Quoto in pieno, se dovessi acquistare un portatile oggi non avrei il minimo dubbio: powerbook 12" (o se proprio 15"). Portatile eccezionale.

Ovviamente ha il suo costo (circa 2000 euro), anche se li vale tutti. Se vuoi risparmiare allora punta sull'ibook, molto simile al powerbook ma più economico: circa 1000 euro (anche meno, a seconda delle configurazioni).

A livello software non ci sono problemi, tra linux (gentoo  :Smile:  ) e macosx hai praticamente tutto ciò che può servire ad un normale utente (e anche a parecchi di quelli un po' più specializzati).

----------

## Jean Vertigo

sottoscrivo in pieno il consiglio per pbook o ibook.

lasciatele ad ammuffire nei magazzini/negozi le stufe da 4kg con 2 ore di autonomia, discorso un po diverso per i centrino, ma non più di tanto.

----------

## FonderiaDigitale

posso parlarti solo di x86:

per esperienza diretta, evita come la peste i compaq e hp: sono incastri di plastica e basta.

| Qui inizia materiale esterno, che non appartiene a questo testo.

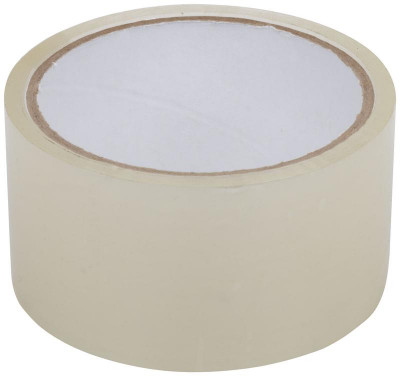 Скотч упаковочный 48ммх36м 40мкр прозр. 11056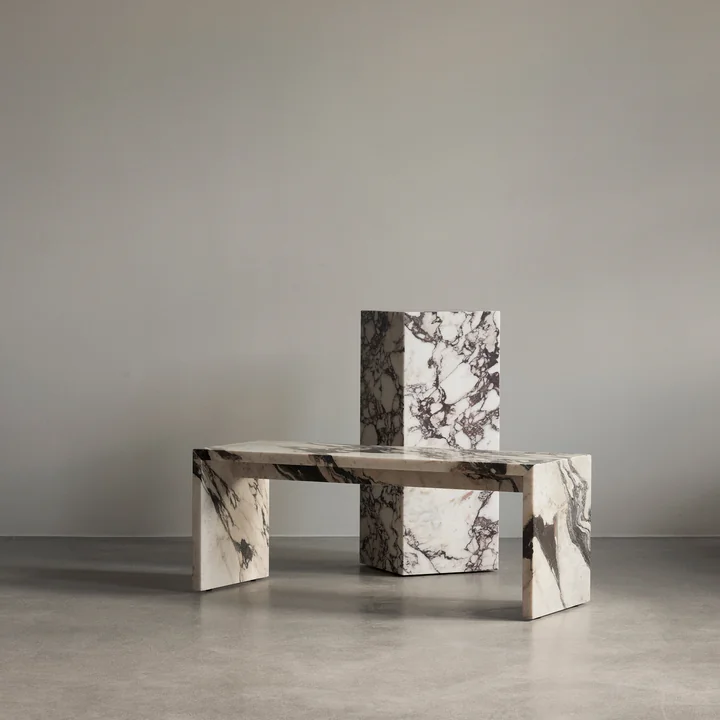 Plinth Coffee table from Audo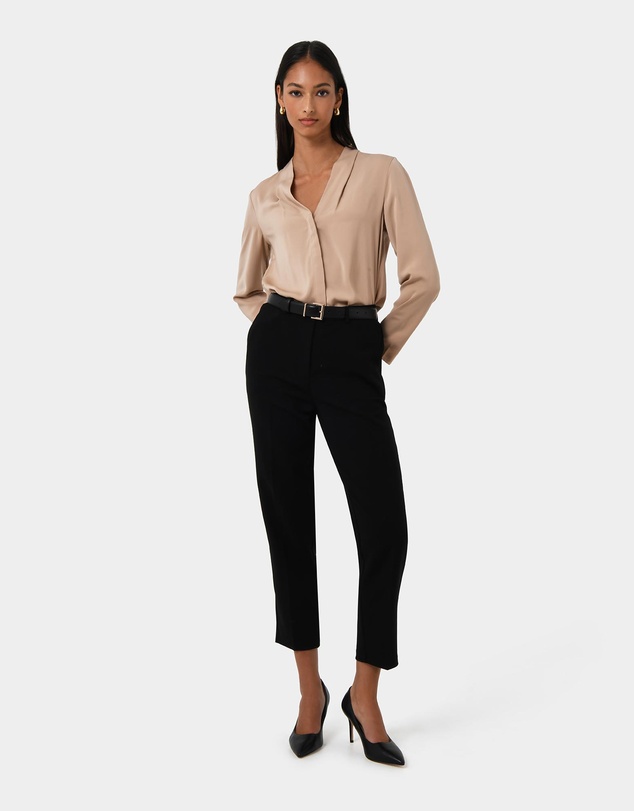 Forcast - Elka Straight Leg Pants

ottimi i toshiba, lo ho io, la mia ragazza, e molti amici, e sono delle rocce. unico neo, il peso. (forse e' il mio che pesa, 16"  :Smile: )

gli asus, molte serie, come la 1600, soffrono di pesanti difetti di costruzione.

in linea di massima, io ritengo che convenga spendere qualcosa di piu prima che doversi pentire dopo.

il mio consiglio va al toshiba.

----------

## federico

 *Jean Vertigo wrote:*   

> sottoscrivo in pieno il consiglio per pbook o ibook.
> 
> lasciatele ad ammuffire nei magazzini/negozi le stufe da 4kg con 2 ore di autonomia, discorso un po diverso per i centrino, ma non più di tanto.

 

Non piu' di tanto che vuol dire ?

----------

## matttions

ciao, è molto che vi leggo, ma sono da poco inscritto.

Cmq per farla breve ho un Acer TM 803 LCi , (sputato a quello della guida fatta da _kev_ se non sbaglio) alcune caratteristiche giusto per farti un idea:

1600 Mh Centrino, 512 Mb, L1 32 Kb L2 1024 .... w-fi e ammeniccoli vari come ha detto federico.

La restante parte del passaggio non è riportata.